Menu

Strange Transformations

April 24, 2002

John E. Simpson

Q: Can I un-CDATA my CDATA section?

I have some HTML tags embedded in a CDATA section. (I didn't write the source document!) When my XSLT translates the document into HTML for a browser, the tags in the CDATA section marked as <i> are delivered to the browser as &lt;i&gt;.

Is there anything I can do to prevent this translation?

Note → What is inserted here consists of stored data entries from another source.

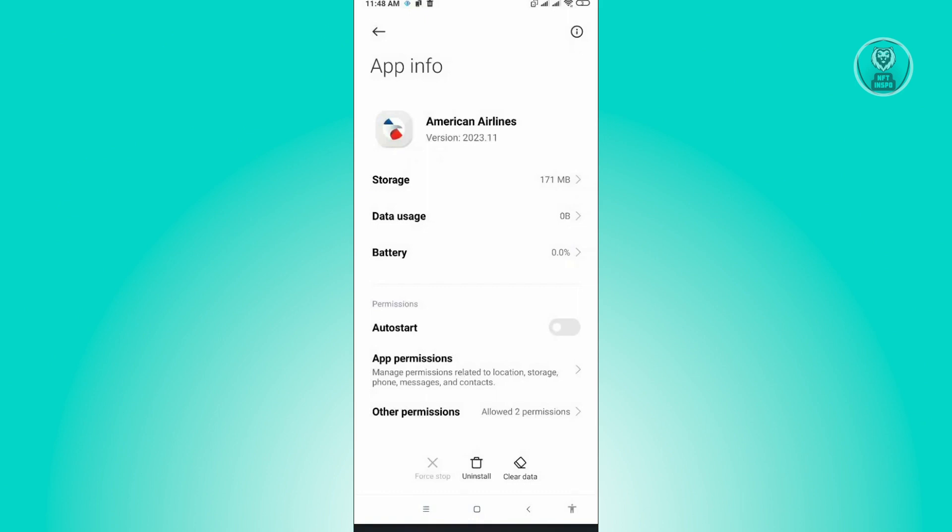But for some cases, if that still doesn't solve your issue, then we'll have to go to the extreme version. If the application is still not working, we want to uninstall it. Here in the same UI, you can just click on the Uninstall button at the center of your screen.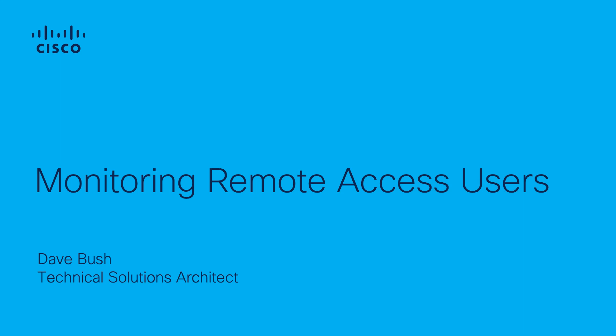Welcome to the StealthWatch tutorial series. My name is Dave Bush and I'm a Technical Solutions Architect for StealthWatch at Cisco.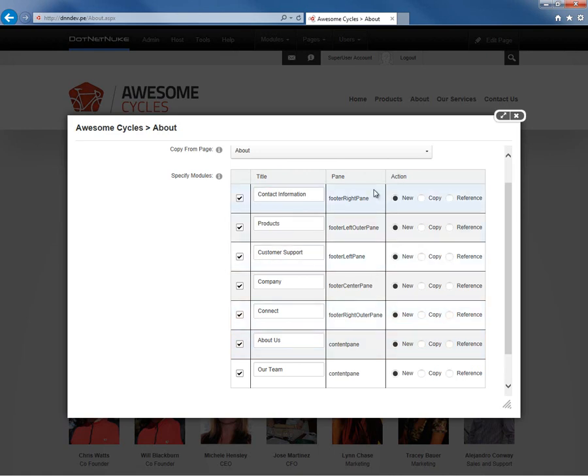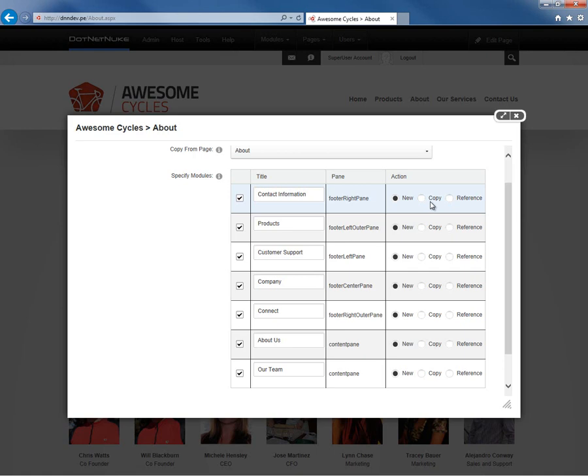And then finally we have an action column. Now the action column allows us to choose when we're copying a page, should the module that gets added to that page in this location, in the footer right pane with the title Contact Information, should that be a new module, a copy, or a reference. Now let's explain what that means. If we have the new module selected, as we can see all of these are selected as new, what will happen is DotNetNuke will create the page. It will place a module called Contact Information into the footer right pane, but there will not be any content within that module. It will create a new version of that module, a new HTML module.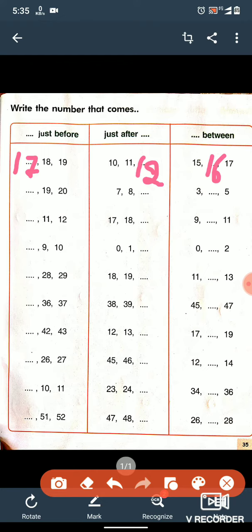Now let's see the next one. Here you can see 19 and 20 are given, and we have to write the before number of 19. What is the before number of 19? It will be 18, so we will write 18 here.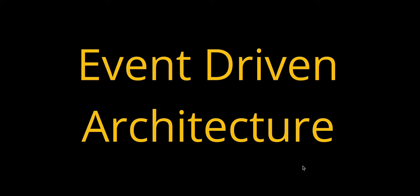Welcome back to our system design series. Today we are diving into event-driven architecture. This design pattern is increasingly popular for building responsive, scalable, and decoupled systems. So let's explore what event-driven architecture is, how it works, and when to use it.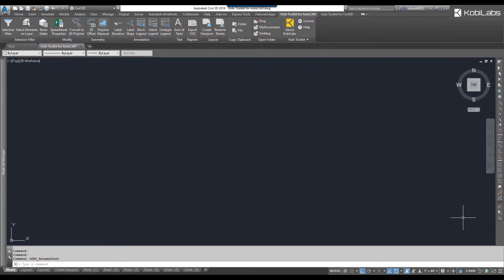Welcome to this short video on rename sheets, which is part of the new Coby Toolkit for AutoCAD. The rename sheet command works in conjunction with the sheet set manager, so you need to have a sheet set set up and then this command will work with those.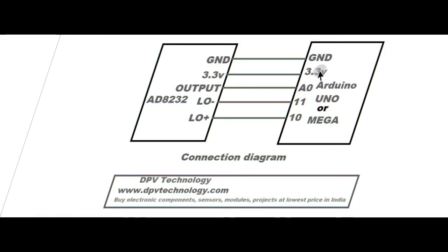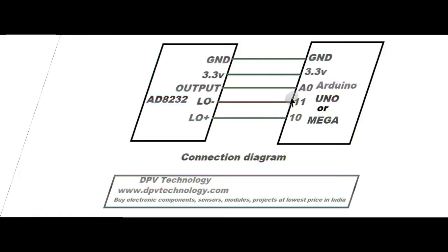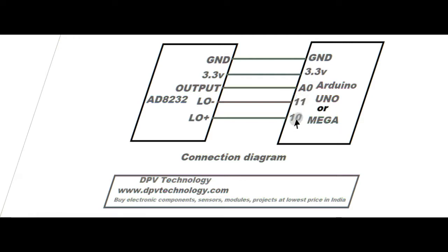Then output pin of the sensor to A0 pin, then LO minus pin to pin number 11, and then LO plus pin to pin number 10. These are the digital pins 10 and 11, and this is the analog pin A0.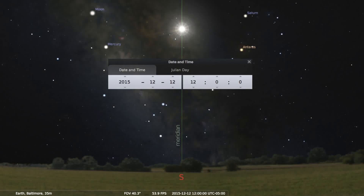Over a 24-hour period, everything appears to rise from someplace in the east, transits at the meridian, and sets in the west. And the pattern just repeats itself over and over again.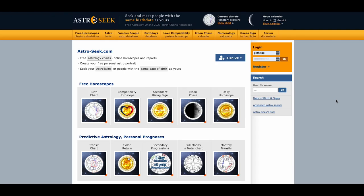I'm going to show you how to create your natal birth chart on astro-seek.com. This is a really great site for you to be able to print out your birth chart and reference it, and also to look up and reference the current astrology of any given day.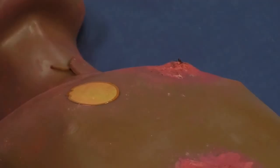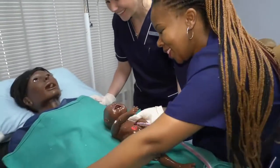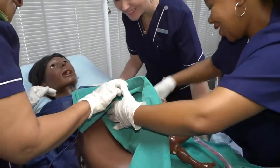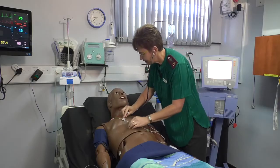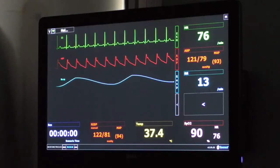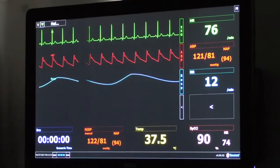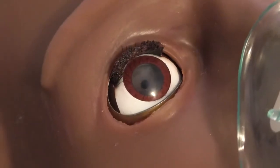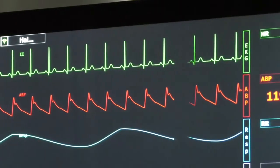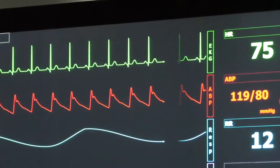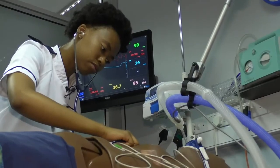All high fidelity simulators — namely the adult, pediatric, and birthing mom simulators — are equipped with software that allows for the replication of physiological features such as a heartbeat, breathing sounds, pupil reaction to light, and skin discoloration. Vital signs and other necessary information are displayed on a monitor at the patient's bedside.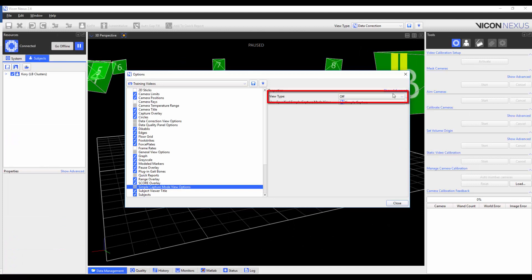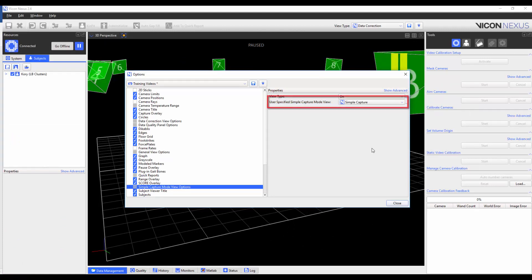If you set this to on, the user-specified Simple Capture Mode view that you have selected from the lower drop-down menu will turn on when you enter the Simple Capture Mode. You can select which view type you want from the second drop-down menu. In this case, I'm selecting Simple Capture.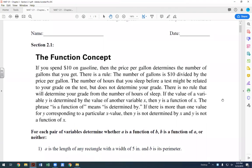Here's a simple example to show what a function can and cannot be. If you spend ten dollars on gasoline, then the price per gallon will determine the number of gallons you get. If the price is $2.50 per gallon and you're spending ten dollars, you get four gallons. For one price per gallon input, you get exactly one answer for the number of gallons.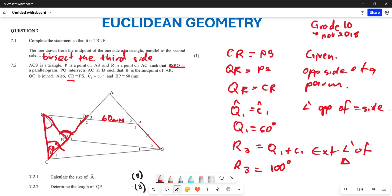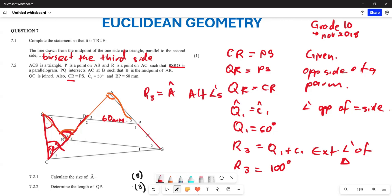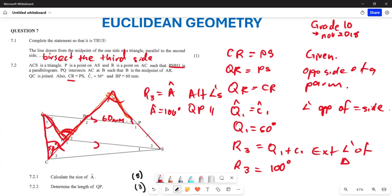Now, angle R3 and angle A are alternate angles. This is because QPSR is a parallelogram, so QP is parallel to SR. Drawing the Z-shape, angle R3 and angle A are alternate angles between parallel lines. Therefore, angle A equals 100 degrees.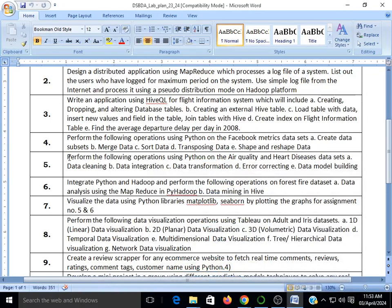We will start with the subtopic which was not covered in the earlier video: data integration. In data integration, what we basically do is try to integrate data from different platforms using a Python script. We'll be writing a Python script where we'll connect Python with MySQL and try to insert data from the Python script into MySQL. The prerequisites for this are MySQL installed on your PC and Anaconda with Python on your system.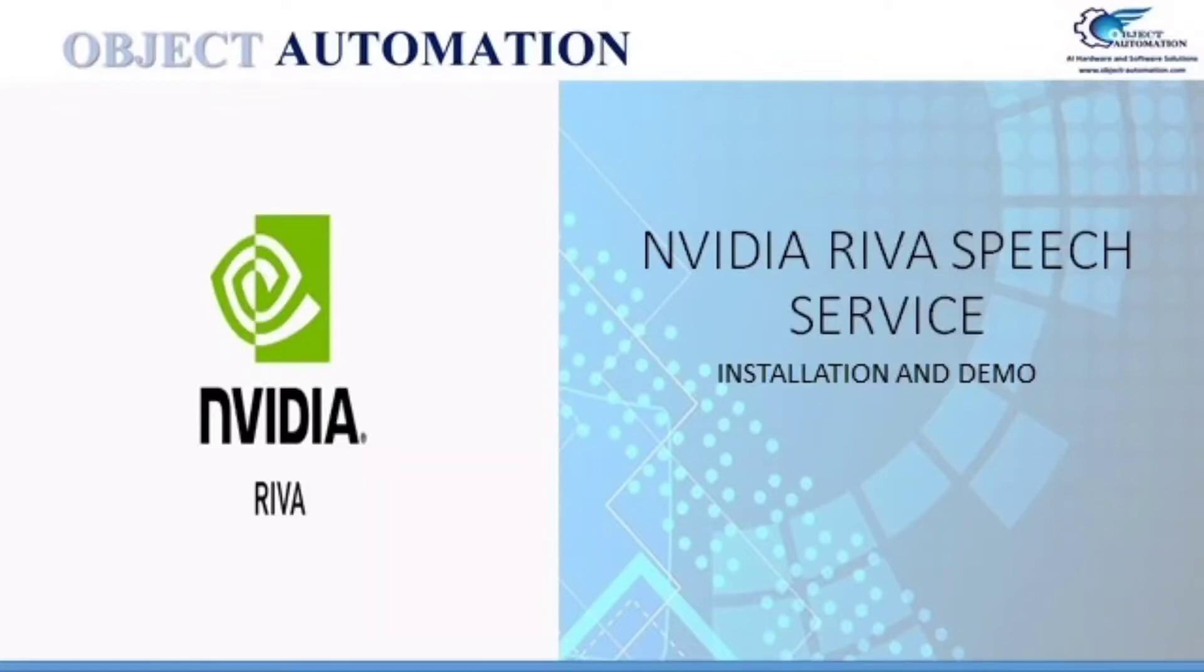Mr. Sivakumar, HPC Support Specialist from Object Automation, presented a demo on NVIDIA Riva Speech Service.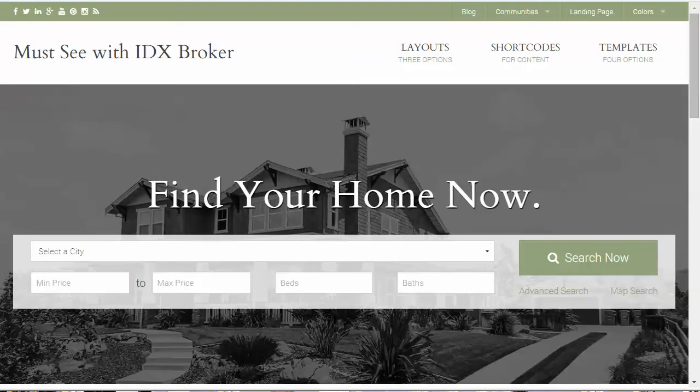In this video I'm going to show you how to unlock and use the IDX broker features that are built into the Equity framework.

A: You didn't provide a sample document fragment, but I assume from your description that you have to deal with something like the following in your source document:

<true_xmlwrapper>

   <![CDATA[

      <html>

         <head><title>Weird Embedded

Markup</title></head>

         <body>

            <h1>Someone thought he was being clever...!</h1>

            <p><em>[etc.]</em></p>

         </body>

      </html>

   ]]>

</true_xmlwrapper>

I assume further that what you'd hope to transform the above into -- the result tree -- would be something like:

<html>

   <head><title>Weird Embedded Markup</title></head>

   <body>

      <h1>Someone thought he was being clever...!</h1>

      <p><em>[etc.]</em></p>

   </body>

</html>

And, if these assumptions are correct, you've probably got an XSLT stylesheet with a template rule such as:

<xsl:template match="true_xmlwrapper">

   <xsl:value-of select="."/>

</xsl:template>

As you've probably discovered, this solves one problem -- it subtracts the opening and closing <![CDATA[ and ]]> delimiters. What it writes out to the result tree, though, isn't the desired nice and neat HTML code but rather the quite ugly

&lt;html&gt;

   &lt;head&gt;&lt;title&gt;Weird Embedded

Markup&lt;/title&gt;&lt;/head&gt;

   &lt;body&gt;

     &lt;h1&gt;Someone thought he was being clever...!&lt;/h1&gt;

    

&lt;p&gt;&lt;em&gt;[etc.]&lt;/em&gt;&lt;/em&gt;



   &lt;/body&gt;

&lt;/html&gt;

There is a strange kind of correspondence between the desired and actual results. What the actual result tree is saying might be translated as "The angle brackets in the following lines are not to be treated as markup delimiters, but as literal characters." And guess what? That's exactly how the CDATA section in this (or any other) source document suggests markup-significant characters should be treated. Whoever created that document evidently imagined him or herself to be doing the downstream application a favor -- as though by shrouding the embedded HTML markup in a CDATA section it was protected from tampering by alien forces (like one of those blasted XSLT processors). In fact, what wrapping in CDATA did was to announce to any markup-aware application, "This looks like markup but really isn't -- it's not even HTML." Under the circumstances, the assumptions made by the XSLT processor are quite reasonable.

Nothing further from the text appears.